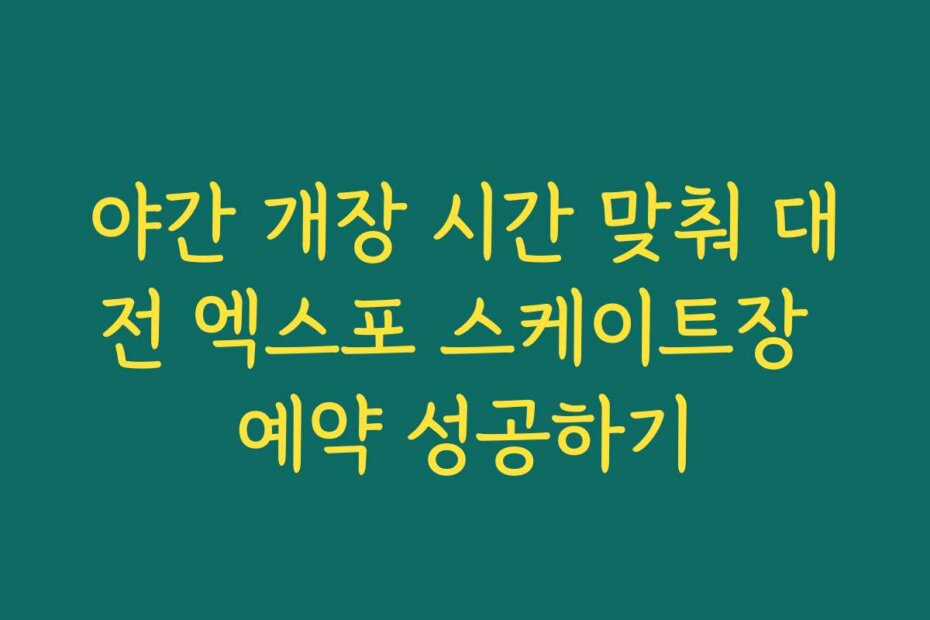 야간 개장 시간 맞춰 대전 엑스포 스케이트장 예약 성공하기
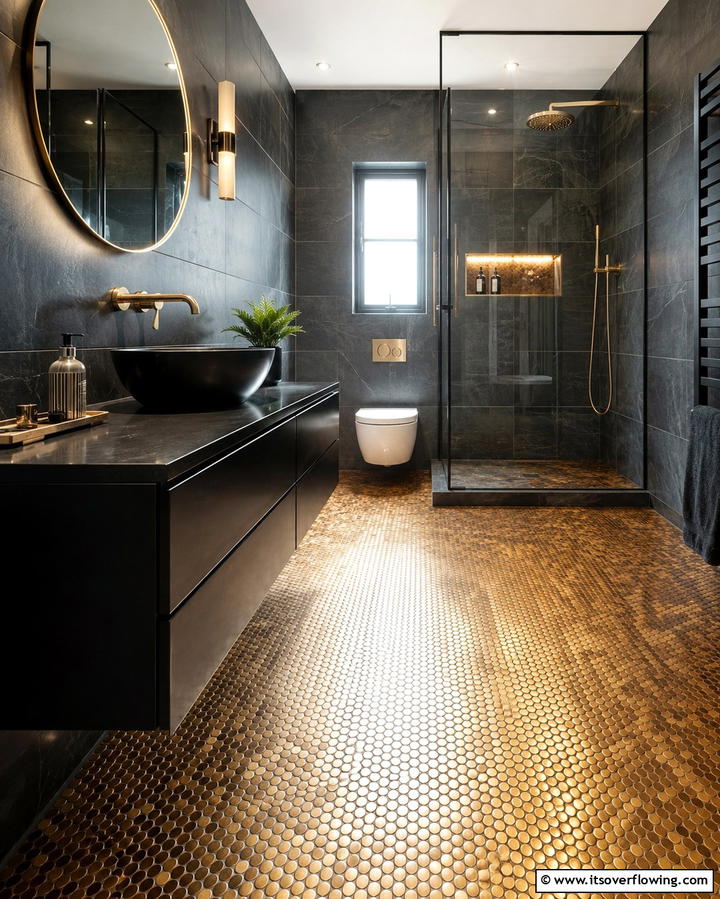 Metallic Penny Tile Finish - 25 Penny Tile Bathroom Floor Ideas for a Unique Look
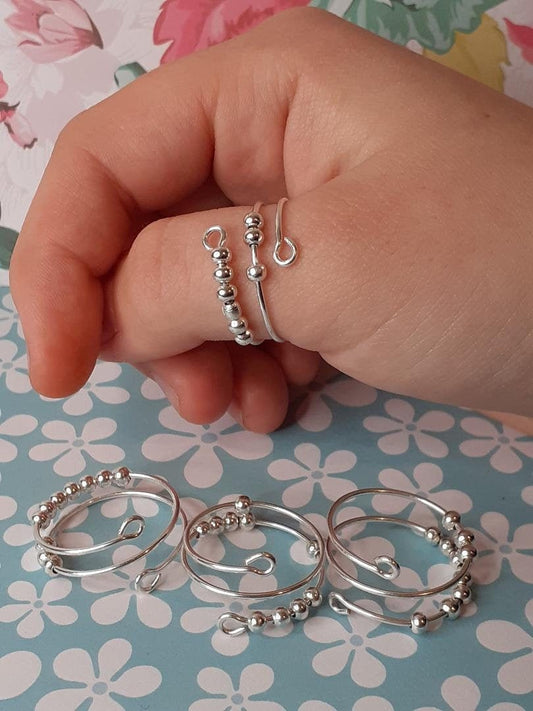 Thumb Fidget ring, Anxiety ring with Silver colour balls (1x ring Please read description) Basic Wire Ring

Exercise aim >> Only the lines from the one containing "Metallic Penny Tile" through the final line of the data should be given again, exactly and without pictures.

Answer to the exercise >>
 Metallic Penny Tile Finish - 25 Penny Tile Bathroom Floor Ideas for a Unique Look
 Thumb Fidget ring, Anxiety ring with Silver colour balls (1x ring Please read description) Basic Wire Ring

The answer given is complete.